Room to Read India has launched the sixth edition of its flagship girls’ education campaign, Har Kadam Beti Ke Sang, placing financial literacy at the centre of this year’s awareness drive.
The campaign, unveiled in New Delhi, aims to strengthen financial decision-making skills among adolescent girls and encourage families, schools and communities to treat financial knowledge as an essential life competency, a press release by Room to Read India informed.
The 2025 theme, “Financial Literacy Ki Aur Badhe Hum”, seeks to normalise discussions around money management, a topic often surrounded by stigma or limited to adults.
According to the press release, the campaign will introduce girls to everyday financial concepts such as budgeting, saving, needs versus wants, responsible spending, and understanding credit.
The initiative hopes to build confidence, agency and long-term financial independence among young girls by equipping them with these tools early in their lives.
The campaign will run for a week and feature conversations with adolescents, educators, policymakers and practitioners on the role of financial awareness in shaping identity and future opportunities.
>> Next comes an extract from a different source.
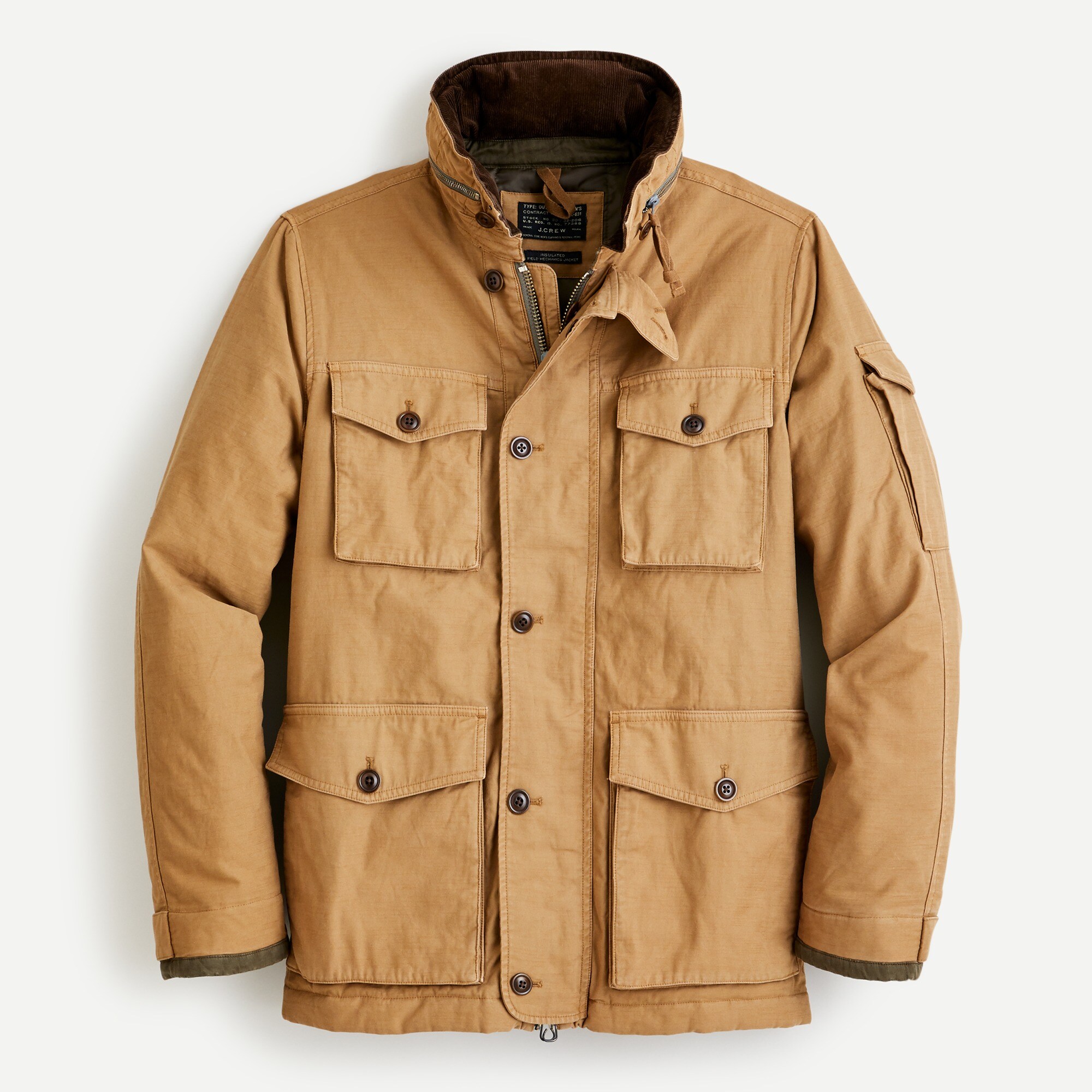 Insulated field mechanic jacket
Room to Read India is partnering with State Departments of Education, Women and Child Development, Tribal Welfare, District Gender Cells and State Councils for Educational Research and Training (SCERTs) to ensure wider reach and integration of gender-responsive financial literacy programmes.
Poornima Garg, Country Director of Room to Read India, said, “Financial literacy gives girls more than economic skills—it gives them agency. Research shows that only 16.7% of Indian adolescents (ages 11–17) can correctly answer basic financial questions, and fewer than 20% of adolescent girls have ever made a personal purchase without seeking permission. These figures reflect not just gaps in knowledge, but lost opportunities for confidence and decision-making and financial awareness among Indian adolescents.”
The campaign aligns with the National Education Policy 2020, Sustainable Development Goal 5 and India’s Viksit Bharat 2047 vision, with the broader aim of embedding financial literacy in both formal education and community learning systems, the press release informs.